Soon after, he acquired a manorial title on an internet auction site, becoming "Lord Dave West of the Manor of Hollesley". Also opened that year was his new 150-seat Russian-themed restaurant, Abracadabra, so named he said because "it had a magical feel to the place".

In June 2007 he hired Cherie Blair of Matrix Chambers in an attempt to challenge the smoking ban instituted by the government of her husband, Tony Blair, which was due to come into force the following month. "The only way for patrons to smoke after July 1 is by going out on the pavement and that could land me in trouble with the police if it creates noise or disturbance," he said, "I want to eyeball the authorities and am calling on other nightclubs to join me in the challenge." When the ban came into force the self-declared libertarian and nonconformist at first flouted the law, but did not succeed in overturning the new rules.

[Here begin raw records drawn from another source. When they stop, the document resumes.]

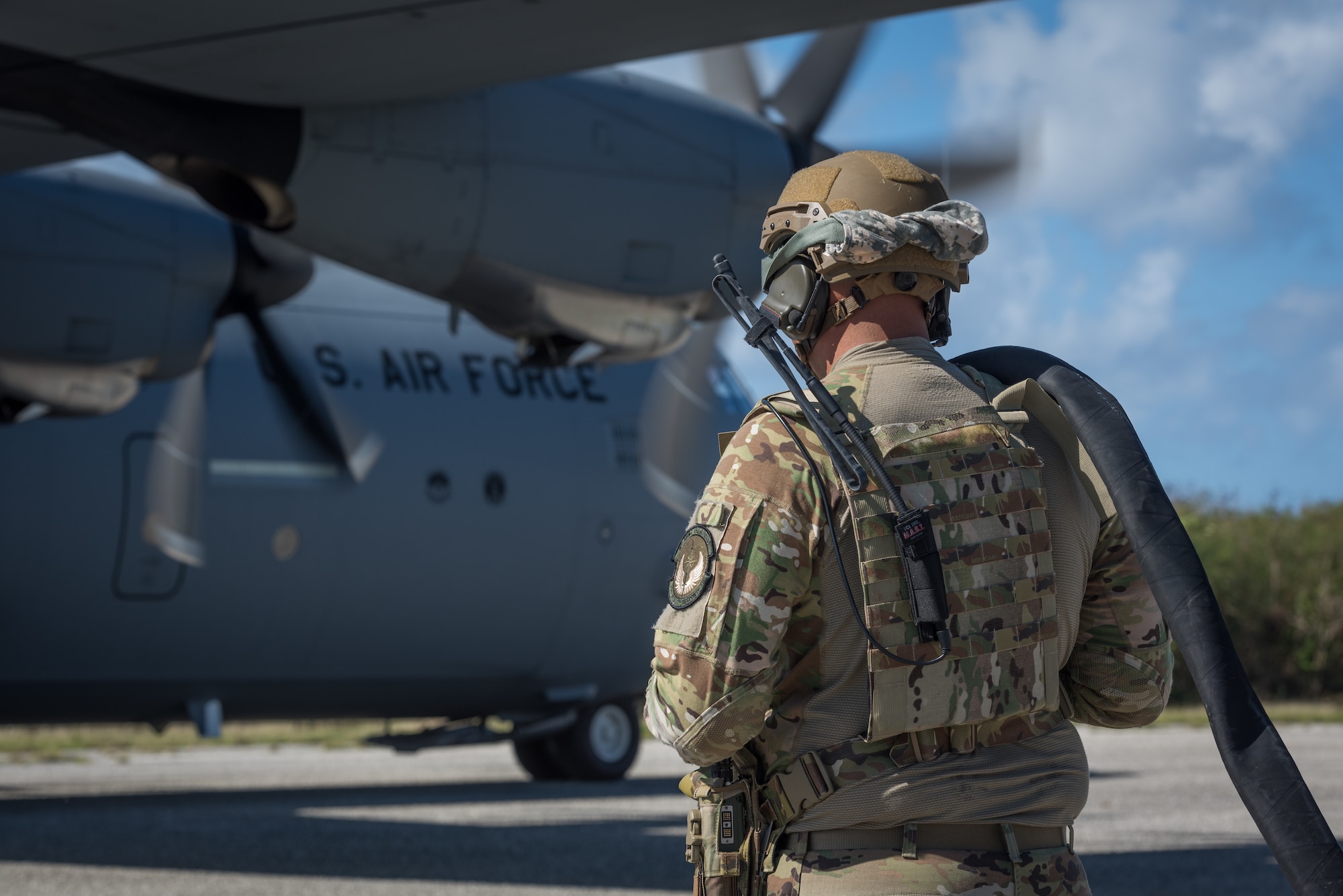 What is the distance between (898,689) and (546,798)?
1114 cm

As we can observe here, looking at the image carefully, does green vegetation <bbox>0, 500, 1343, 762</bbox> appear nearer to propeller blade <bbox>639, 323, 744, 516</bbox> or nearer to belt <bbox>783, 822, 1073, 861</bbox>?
propeller blade <bbox>639, 323, 744, 516</bbox>

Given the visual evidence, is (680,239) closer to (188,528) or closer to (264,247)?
(264,247)

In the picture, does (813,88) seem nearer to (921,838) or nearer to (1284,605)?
(921,838)

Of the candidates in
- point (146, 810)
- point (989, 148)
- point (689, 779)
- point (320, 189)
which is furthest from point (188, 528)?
point (689, 779)

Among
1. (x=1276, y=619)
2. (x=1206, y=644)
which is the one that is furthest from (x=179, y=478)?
(x=1276, y=619)

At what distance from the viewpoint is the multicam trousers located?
236 cm

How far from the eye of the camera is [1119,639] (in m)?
2.76

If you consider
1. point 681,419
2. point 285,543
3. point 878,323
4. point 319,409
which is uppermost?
point 319,409

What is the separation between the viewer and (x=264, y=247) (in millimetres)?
9602

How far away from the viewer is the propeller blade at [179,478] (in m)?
11.0

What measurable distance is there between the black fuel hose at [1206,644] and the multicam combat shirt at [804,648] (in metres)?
0.21

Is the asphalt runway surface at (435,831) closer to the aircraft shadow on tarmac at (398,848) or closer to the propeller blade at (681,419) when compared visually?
the aircraft shadow on tarmac at (398,848)

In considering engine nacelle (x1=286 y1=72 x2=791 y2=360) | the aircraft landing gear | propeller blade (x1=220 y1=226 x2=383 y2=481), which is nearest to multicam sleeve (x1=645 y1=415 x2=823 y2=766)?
engine nacelle (x1=286 y1=72 x2=791 y2=360)

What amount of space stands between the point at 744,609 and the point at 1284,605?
28.3m
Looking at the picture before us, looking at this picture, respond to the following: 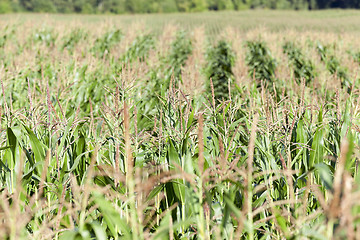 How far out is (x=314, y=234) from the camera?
3.88 feet

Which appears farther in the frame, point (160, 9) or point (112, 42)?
point (160, 9)

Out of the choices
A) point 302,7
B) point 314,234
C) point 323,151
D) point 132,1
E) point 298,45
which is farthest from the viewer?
point 302,7

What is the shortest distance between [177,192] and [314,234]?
111 centimetres

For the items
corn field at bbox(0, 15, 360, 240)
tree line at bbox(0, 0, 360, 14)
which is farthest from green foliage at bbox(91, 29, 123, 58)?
tree line at bbox(0, 0, 360, 14)

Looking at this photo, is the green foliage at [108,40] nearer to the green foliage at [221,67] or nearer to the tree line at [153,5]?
the green foliage at [221,67]

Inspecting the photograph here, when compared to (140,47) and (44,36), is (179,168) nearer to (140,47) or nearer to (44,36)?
(140,47)

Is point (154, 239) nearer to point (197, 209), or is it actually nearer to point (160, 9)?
point (197, 209)

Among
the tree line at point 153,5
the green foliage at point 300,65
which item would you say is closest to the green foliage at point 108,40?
the green foliage at point 300,65

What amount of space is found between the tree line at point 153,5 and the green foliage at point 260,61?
64.6 metres

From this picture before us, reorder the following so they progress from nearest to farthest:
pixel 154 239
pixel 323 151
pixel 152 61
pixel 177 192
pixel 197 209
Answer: pixel 154 239 → pixel 197 209 → pixel 177 192 → pixel 323 151 → pixel 152 61

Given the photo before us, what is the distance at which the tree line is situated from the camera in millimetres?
71500

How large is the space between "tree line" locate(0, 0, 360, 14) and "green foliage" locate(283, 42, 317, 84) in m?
64.4

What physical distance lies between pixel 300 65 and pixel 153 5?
2901 inches

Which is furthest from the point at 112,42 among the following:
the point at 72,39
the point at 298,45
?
the point at 298,45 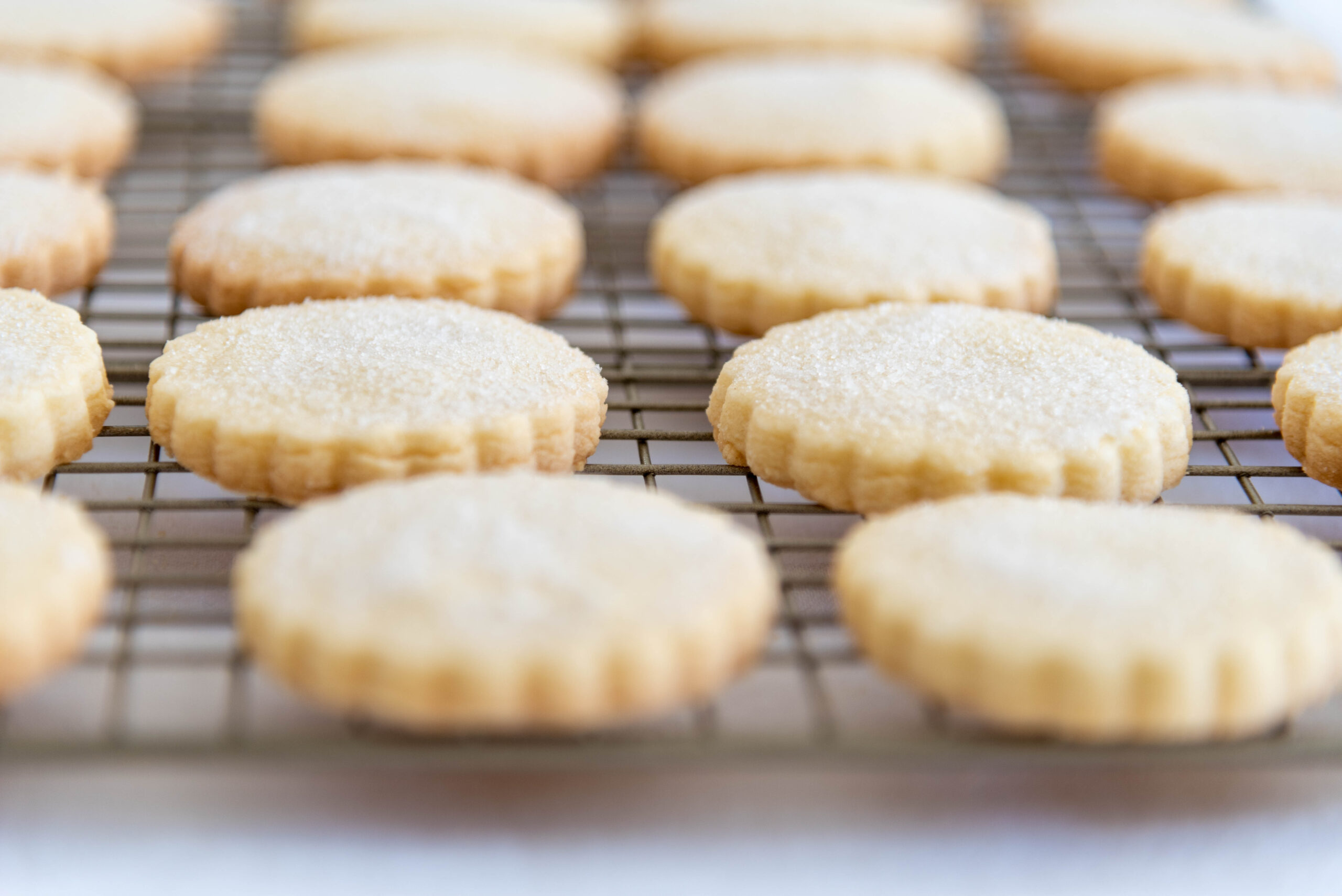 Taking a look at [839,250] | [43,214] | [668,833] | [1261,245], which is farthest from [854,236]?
[43,214]

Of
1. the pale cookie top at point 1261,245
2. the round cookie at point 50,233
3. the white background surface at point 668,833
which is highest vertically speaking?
the pale cookie top at point 1261,245

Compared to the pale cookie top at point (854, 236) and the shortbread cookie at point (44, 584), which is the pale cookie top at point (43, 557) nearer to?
the shortbread cookie at point (44, 584)

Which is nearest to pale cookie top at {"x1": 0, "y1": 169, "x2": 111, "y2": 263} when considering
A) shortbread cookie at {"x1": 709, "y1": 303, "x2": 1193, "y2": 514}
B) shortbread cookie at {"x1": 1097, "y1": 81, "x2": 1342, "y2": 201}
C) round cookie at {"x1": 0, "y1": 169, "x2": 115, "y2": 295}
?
round cookie at {"x1": 0, "y1": 169, "x2": 115, "y2": 295}

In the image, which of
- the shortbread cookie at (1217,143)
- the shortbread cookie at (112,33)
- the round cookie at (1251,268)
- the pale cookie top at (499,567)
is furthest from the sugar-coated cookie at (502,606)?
the shortbread cookie at (112,33)

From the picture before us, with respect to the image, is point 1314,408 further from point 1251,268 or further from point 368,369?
point 368,369

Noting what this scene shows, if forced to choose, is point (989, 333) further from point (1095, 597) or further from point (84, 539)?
point (84, 539)

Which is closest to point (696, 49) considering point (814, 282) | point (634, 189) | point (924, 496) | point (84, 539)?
point (634, 189) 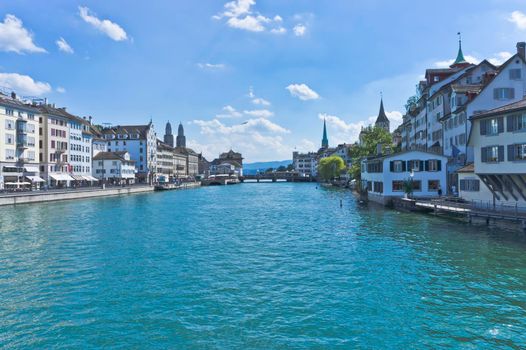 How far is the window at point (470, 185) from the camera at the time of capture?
1777 inches

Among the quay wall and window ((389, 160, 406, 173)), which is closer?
window ((389, 160, 406, 173))

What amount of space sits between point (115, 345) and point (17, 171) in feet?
276

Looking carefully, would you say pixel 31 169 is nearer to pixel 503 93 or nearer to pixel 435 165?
pixel 435 165

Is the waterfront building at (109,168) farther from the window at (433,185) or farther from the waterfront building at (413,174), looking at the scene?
the window at (433,185)

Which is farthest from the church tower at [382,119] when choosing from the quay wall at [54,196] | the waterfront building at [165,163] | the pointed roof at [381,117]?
the quay wall at [54,196]

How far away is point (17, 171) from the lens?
83.4 meters

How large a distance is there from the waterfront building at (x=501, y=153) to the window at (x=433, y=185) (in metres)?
15.8

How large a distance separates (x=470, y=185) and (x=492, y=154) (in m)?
8.06

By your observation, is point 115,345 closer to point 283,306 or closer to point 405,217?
point 283,306

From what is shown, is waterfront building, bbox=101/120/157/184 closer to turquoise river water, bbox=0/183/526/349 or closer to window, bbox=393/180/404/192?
window, bbox=393/180/404/192

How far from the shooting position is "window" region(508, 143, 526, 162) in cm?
3588

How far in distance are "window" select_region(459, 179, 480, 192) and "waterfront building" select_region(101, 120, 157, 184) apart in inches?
4864

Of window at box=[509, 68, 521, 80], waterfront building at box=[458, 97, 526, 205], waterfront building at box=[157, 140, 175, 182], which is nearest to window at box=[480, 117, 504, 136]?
waterfront building at box=[458, 97, 526, 205]

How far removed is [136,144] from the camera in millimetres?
153250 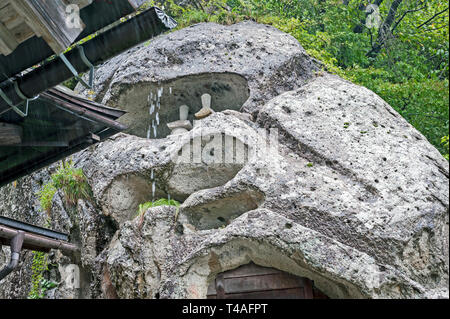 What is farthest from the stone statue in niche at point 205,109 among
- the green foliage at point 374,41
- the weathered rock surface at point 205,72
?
the green foliage at point 374,41

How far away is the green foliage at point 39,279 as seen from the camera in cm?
833

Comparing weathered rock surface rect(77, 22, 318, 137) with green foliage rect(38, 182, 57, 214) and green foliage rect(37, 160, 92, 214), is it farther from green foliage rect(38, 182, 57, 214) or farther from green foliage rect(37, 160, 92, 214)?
green foliage rect(38, 182, 57, 214)

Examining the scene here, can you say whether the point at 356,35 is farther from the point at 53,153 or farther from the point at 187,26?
the point at 53,153

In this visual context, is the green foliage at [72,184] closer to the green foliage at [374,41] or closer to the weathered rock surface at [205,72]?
the weathered rock surface at [205,72]

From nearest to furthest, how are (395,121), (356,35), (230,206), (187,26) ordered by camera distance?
1. (230,206)
2. (395,121)
3. (187,26)
4. (356,35)

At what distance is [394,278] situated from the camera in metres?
6.23

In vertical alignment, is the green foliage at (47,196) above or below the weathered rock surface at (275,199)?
below

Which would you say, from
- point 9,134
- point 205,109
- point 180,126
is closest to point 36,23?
point 9,134

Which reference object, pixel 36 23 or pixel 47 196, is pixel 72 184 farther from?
pixel 36 23

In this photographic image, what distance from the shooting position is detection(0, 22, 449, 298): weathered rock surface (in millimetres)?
6496

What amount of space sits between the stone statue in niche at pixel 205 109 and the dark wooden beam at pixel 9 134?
3805mm

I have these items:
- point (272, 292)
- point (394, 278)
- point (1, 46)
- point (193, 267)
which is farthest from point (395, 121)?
point (1, 46)

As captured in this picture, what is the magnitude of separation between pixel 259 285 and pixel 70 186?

The following year he paid £100,000 for two tickets to David and Victoria Beckham's World Cup party, won through an online auction. But the Beckhams tried to prevent him from wearing his trademark brightly-coloured suits or from bringing a camera or business cards. He told this newspaper at the time, "The confidentiality agreement would mean that, had I signed it, I couldn't talk about the party even to my friends". Faced with such strictures he decided not to attend. He maintained business interests in other projects, including the nightclub Pigalle, a public relations firm, Forbidden London, and a lapdancing club, Puss in Boots.

He was found at a property in Ormond Yard, behind his home in Jermyn Street, with a single knife wound. The broadcaster, Stephen Fry, who lives nearby, said, "I was at home on Friday night when I heard these horrifying screams and wondered what was going on... I looked out of the window and saw Dave's body taken out of his home and placed on the road. The emergency services were desperately trying to revive him but were unfortunately unable to do so." His son, Dave West, has been arrested and charged with murder.

"I can't believe it. They were very close. Dave lived with his dad all his life, apart from when he was married. It's his other son, James, I feel for now. He is in bits."

David West: businessman: born Romford, Essex 1944; married Kathy (divorced 1999; one daughter, two sons); died London 12 December 2014.